Reed sat at the witness stand for about five minutes answering question after question from both the prosecution and defense regarding a shoplifting case. His answers were carefully calculated. In fact, they were rehearsed.
That’s because the eighth-grade students, who are learning about the judicial system, were participating in mock trials set up by Radford Commonwealth’s Attorney Chris Rehak.
Rehak handed out mock trial cases to the students about a month ago. Each student volunteered for parts in the four mock trials and could act as a member of the prosecution, defense or jury or as a witness.
Civics teacher Joanne Cook invited Rehak to speak to her classes earlier in the school year. That’s when the idea of doing mock trials with the students at the courthouse came to him.
“I spoke to four or five classes one day, and the idea just started to hatch because I was doing these mock trials for a criminal justice class I teach at Radford occasionally,” Rehak said.
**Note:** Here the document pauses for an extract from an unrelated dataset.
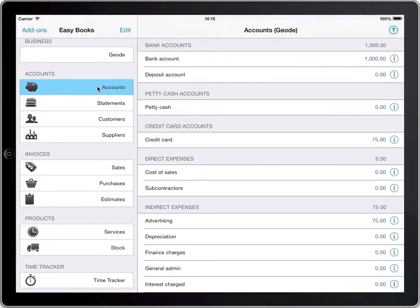At a later time, the credit card will be paid off from the company bank account, entered as another transaction with Account 1 as the bank account and Account 2 as the credit card.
Cook said she thought the opportunity would give her students the hands-on experience she desires to supplement book work in the classroom.
“I wanted them to see civics in action,” Cook said.
Rehak said he scaled down the cases to an eighth-grade level while allowing students to deviate from the script, use critical thinking skills and gain an understanding of how the justice system works.
“I think you saw some pretty clever maneuvering in the way they were trying to come up with explanations,” Rehak said. “I tried to write a part for an actor and left a lot of stuff out. I wrote in there you’re allowed to use your reasonable imagination to fill in the blanks if something is missing.”
On Monday morning, students were given a play-by-play of how the court system works inside the courtroom.
“This is for them to see the criminal justice system from behind the scenes,” Rehak said. “The TV inaccurately portrays the way the criminal justice system actually functions.”
Rehak said he hopes the mock trials inspired students to consider a career in criminal justice.
Eighth-grader Connor Shaffer said she wasn’t necessarily interested in a career in the field before the trip to the courthouse but is now considering it.
“When I went to the courthouse today, I got really interested in it and realized how fun it is,” Shaffer said. “You’re helping serve justice, and it’s for a good cause. I never thought of that until today.”
Shaffer’s peer, Bayley Holbrook, said he wants to be a lawyer and that the field trip confirmed his desire.
“I’d like to be a lawyer because there’s a rush you get when you’re in the courtroom,” Holbrook said.
Rehak said he believed that education, for the most part, is about “teaching to the test” and trying to have students pass their Standards of Learning tests. He believes field trips such as this will enhance each student’s education.
“It’s the field trips and experiences like this that these kids will remember,” Rehak said.
Both Cook and Rehak hope to continue the mock trial experience for students into the future.
“This is the first time we’ve ever done this so I was a little apprehensive,” Cook said. “I didn’t even know if there was enough room in the courthouse for us all. I was a little nervous.”
But Cook said the field trip went off without a hitch and that the students made her proud.
“I think they all stepped up to the plate, rehearsed and took it seriously,” Cook said. “They loved it and put their heart and soul into each part. They really set the bar high for next year.”